▸ **DATASET RECORDS**
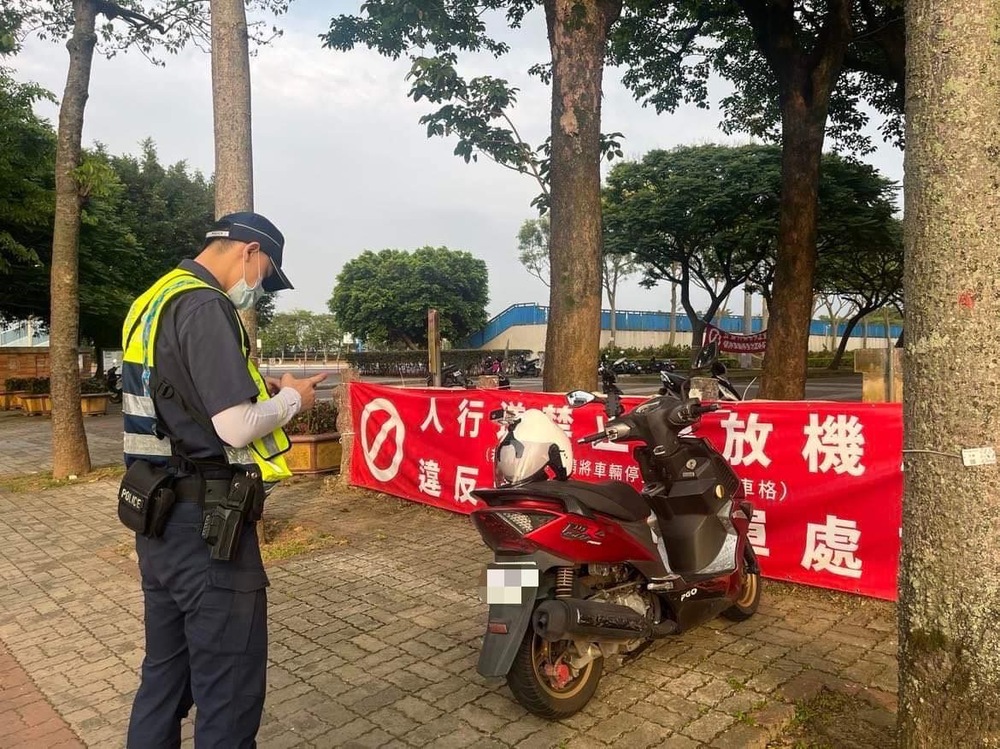機車騎士無視紅布條「這句話」 龍潭警當場開罰 - 台北郵報 | The Taipei Post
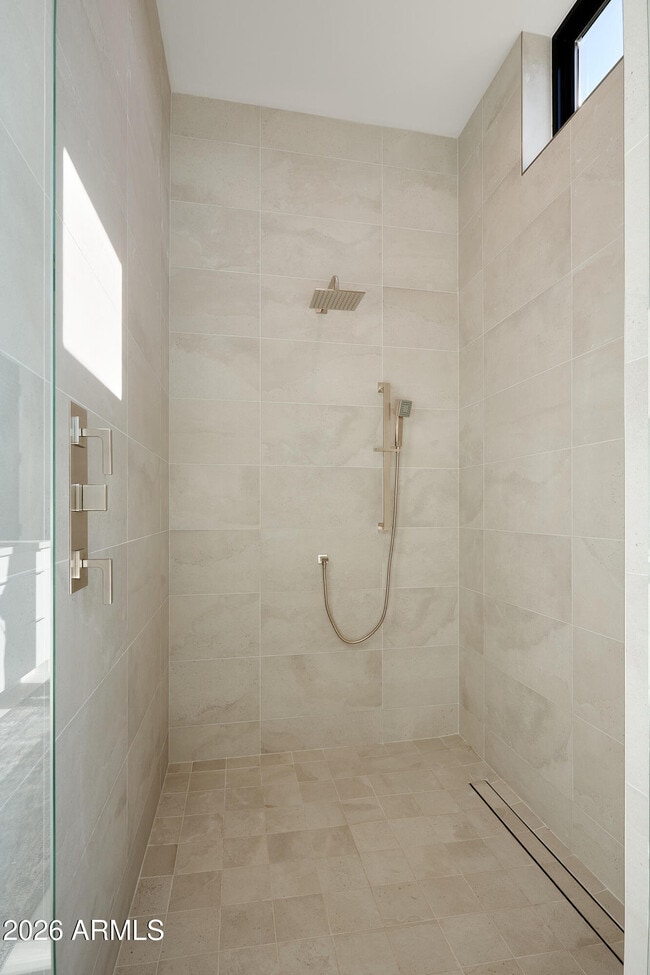 Building Photo - 10931 E Whitehorn Dr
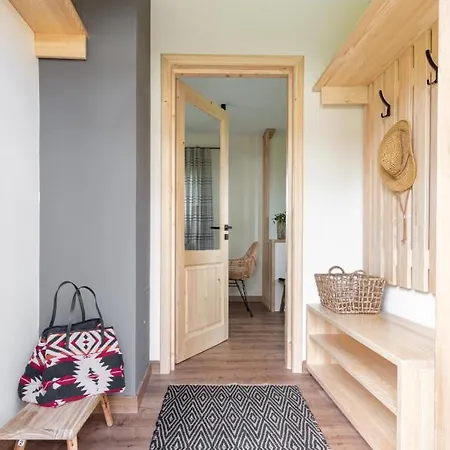 Chalet Gorski & Polny Kwiat *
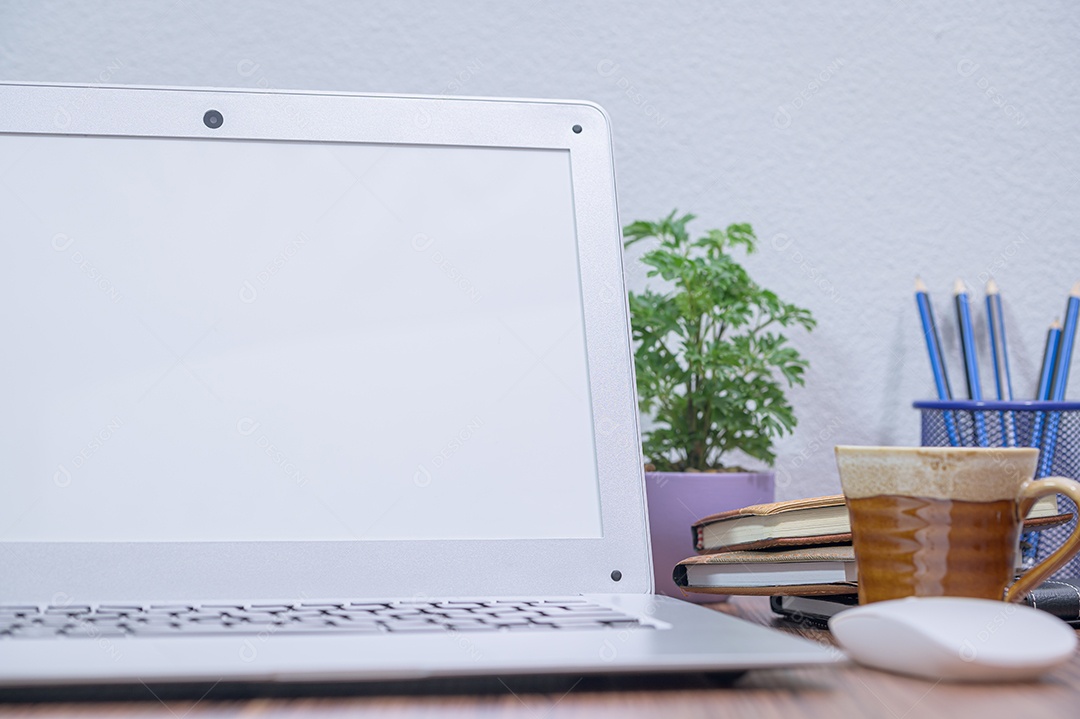 Notebook foi colocado na escrivaninha da sala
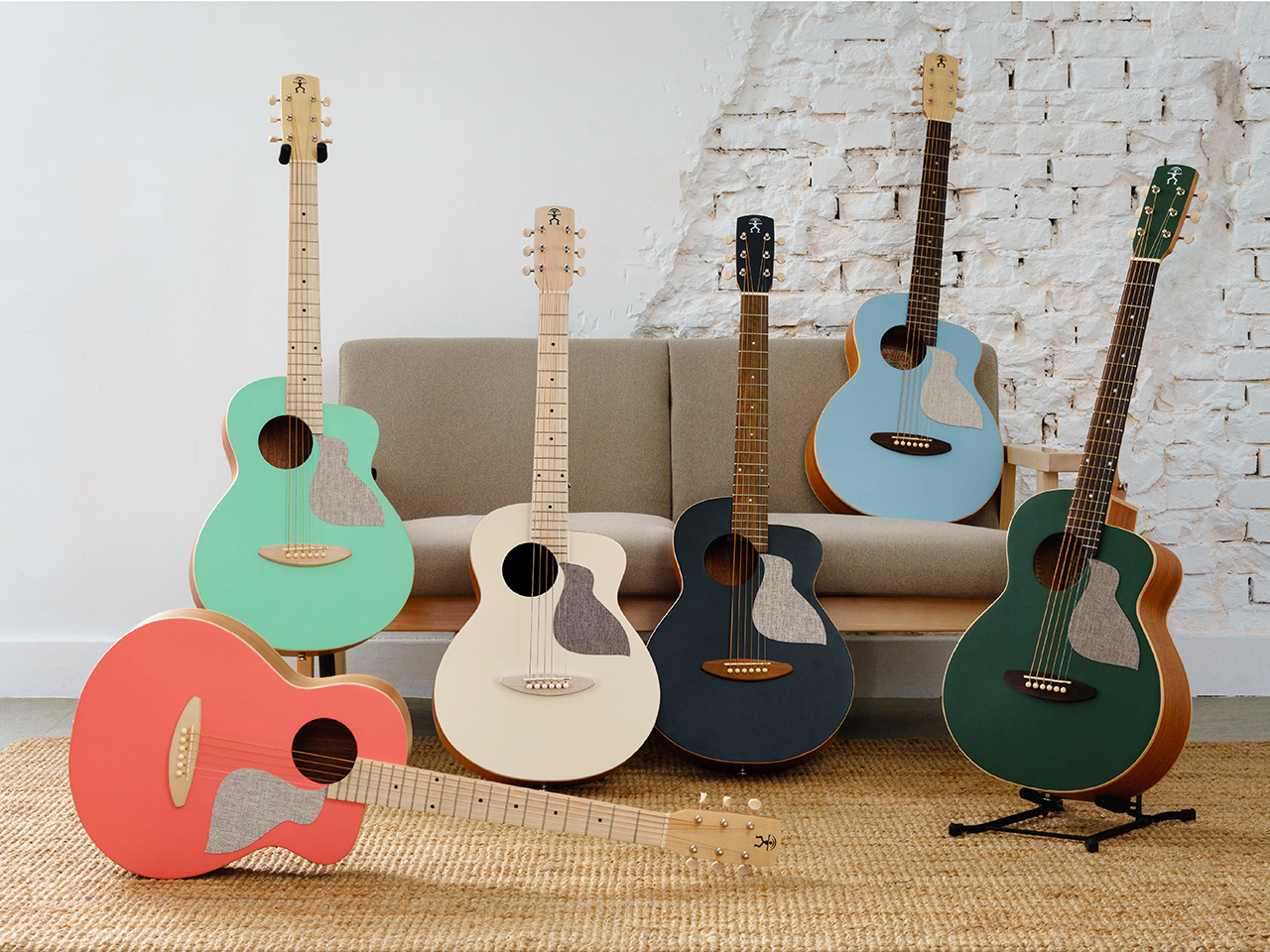 空曠的房間裡有六把彩色的吉他擺放在沙發椅上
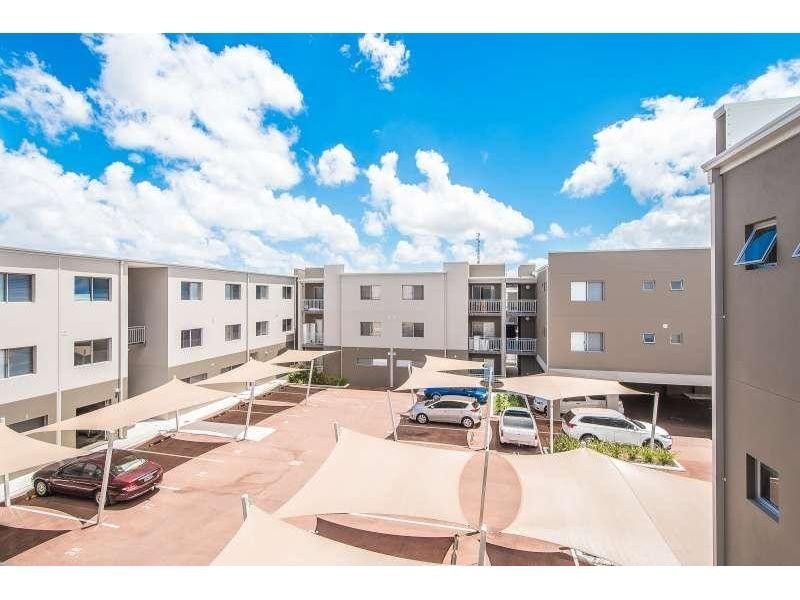 28/3 Villa Pass, Ellenbrook WA 6069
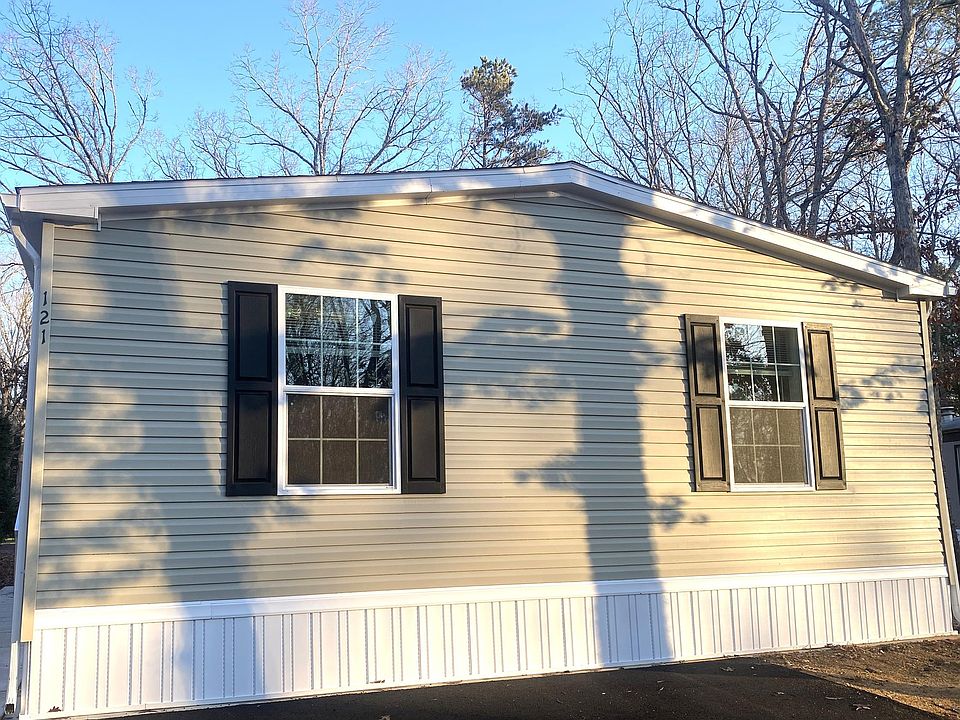 Exterior Image-1-Redman 121 Fairview Manor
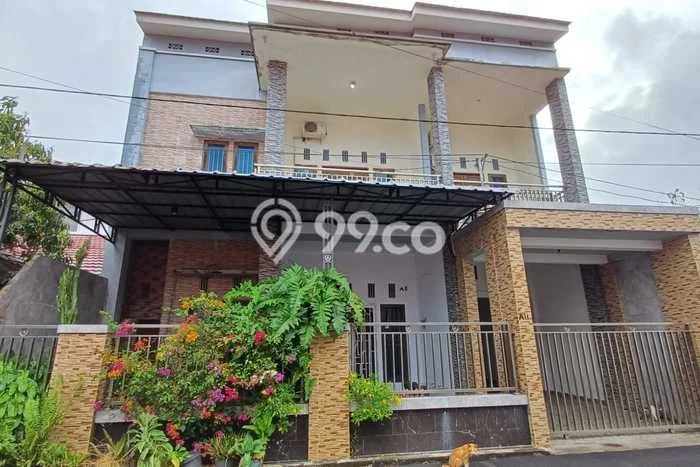 For Sale Rumah 7 Kamar Lokasi Ideal Bagus dan Strategis di Pontianak Tenggara For Sale Rumah 7 Kamar Lokasi Ideal Bagus dan Strategis di Pontianak Tenggara
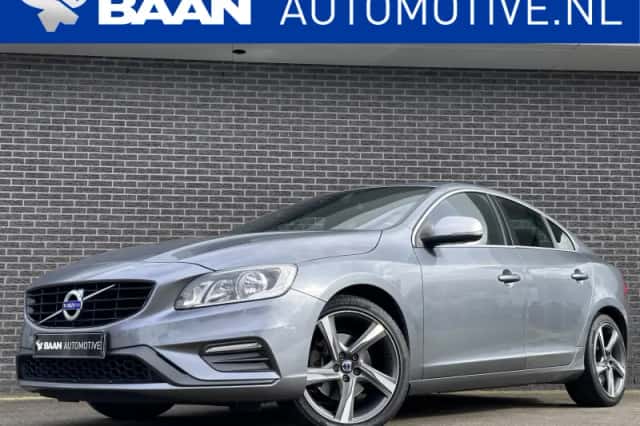 Volvo S60 (2015)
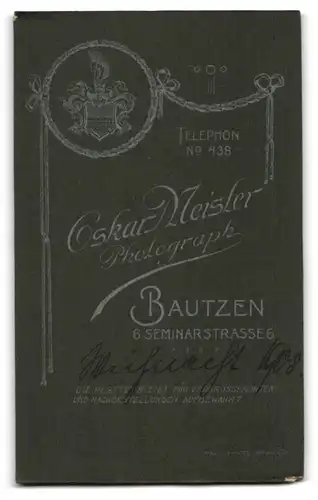 Fotografie Oskar Meister, Bautzen, Seminarstrasse 6, Fräulein im Kleid mit Spitze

▸ **YOUR INSTRUCTIONS**
Among the entries above, take the lines from the one with "Chalet Gorski & Polny Kwiat *" through the one with "Exterior Image-1-Redman 121 Fairview Manor" and retype them exactly, leaving out the pictures.

▸ **OUTPUT BELOW**
 Chalet Gorski & Polny Kwiat *
 Notebook foi colocado na escrivaninha da sala
 空曠的房間裡有六把彩色的吉他擺放在沙發椅上
 28/3 Villa Pass, Ellenbrook WA 6069
 Exterior Image-1-Redman 121 Fairview Manor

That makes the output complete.